You see I, myself, opened the door to be set up for it. A relative came into town and brought dinner. Included was some "crack cocaine"... aka... fresh baguette bread.
I had two responses: red flag warning, since in my past I have literally eaten a whole loaf with a stick of butter over the course of one day. And... rationalization. Telling myself it's no big deal, it's family, it's a special occasion, I'll just have a little and be done with it.
Uh huh. Yep. That's the worst kind of lie, the kind we tell ourself.
For some people, they could handle "a little bit". But I know my history. And I never should have listened to the lie.
After they left, I had "just one more slice". Then another. Then another... MyGuy came home and caught me having "just one slice". I didn't explain it was just one AFTER ten other "just ones". In other word, I lied by omission. Sigh... that's a classic sign of an addict hiding their behavior, right??
So, I made sure he saw me throw the rest of the loaf, in it's bag, into the trash can. As if I was oh-so-in-control. Riiiggghhtttt...
The next day I was under more stress from other issues, and was hit with the image of that baguette bread, in the trash but "protected" by it's plastic bag. And for a fleeting second I seriously considered pulling it out and eating it.
I was aghast at myself! I was disgusted, disappointed, and embarrassed that I actually considered doing that.
After all these years. After all those pounds lost so far. And I'm STILL even entertaining doing something like that??!!!!!
Even now, it makes me cry. I wonder if I have changed at all. I wonder if I am just following a "program", yet inside there is no true change.
I once wrote a post (HERE) trying to articulate the differences, as I saw it, in the weight loss experiences of a "smaller" overweight person and a super-sized person (jumbo jet vs cessna). Sure, some things are the same. But some feel different to me.
I started at 460 pounds. The canyons seemed deeper, the mountains seemed higher. Temptation seemed so powerful and hope seemed farther away. Success always felt right around the corner, but just out of reach.
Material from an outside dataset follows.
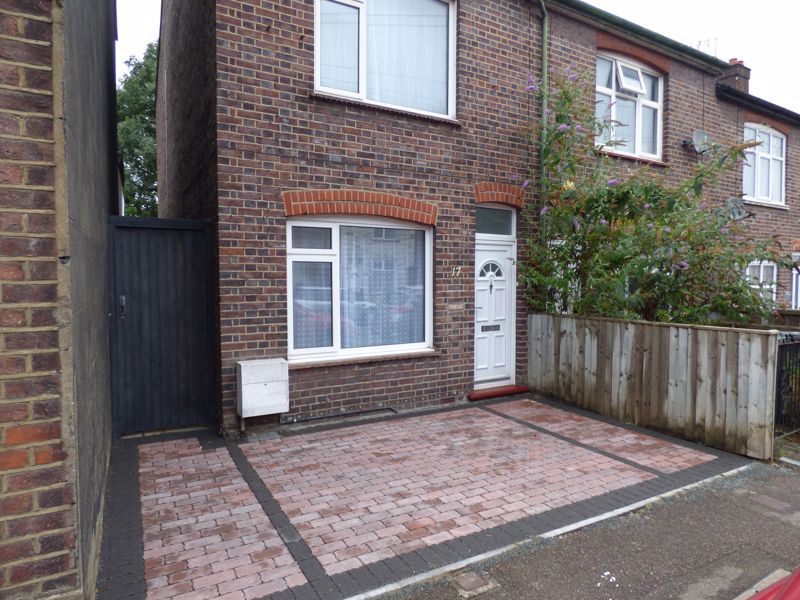 2 bed terraced house to rent in Moreton Road South, Luton LU2 Zoopla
The road, for the super-sized person, can seem soooo long. It's easy to get so very tired of it all. To start thinking compromise. Couched in a "positive" way, of course, like "look how far you've come".
But it's still settling.
Still stopping short.
Still giving up.
Still buying into the lie that I've come as far as I can, and it's time to get "realistic" and accept that this is IT.
I'm not sure why I'm feeling so raw today. I am successfully, finally, back on track, after a few days of struggle. I think it's a deep and powerful response to a blog post I read from Holly, HERE.
After reading what Holly wrote, I cried, and I felt understood. She's lost 240 pounds and KNOWS the long struggle. Also the pitfalls along the way and even after. The pull of that addiction. The way we rationalize our behavior. The guilt over making selfish choices instead of following our faith, and going to God instead of food. All that.
So... I'm not giving up. I pray for help. I pray for mercy. I pray for encouragement. And I feel grateful that HOPE is real and powerful.
Answer my prayers, O Lord,
for your unfailing love is wonderful.
Take care of me, for your mercy is so plentiful.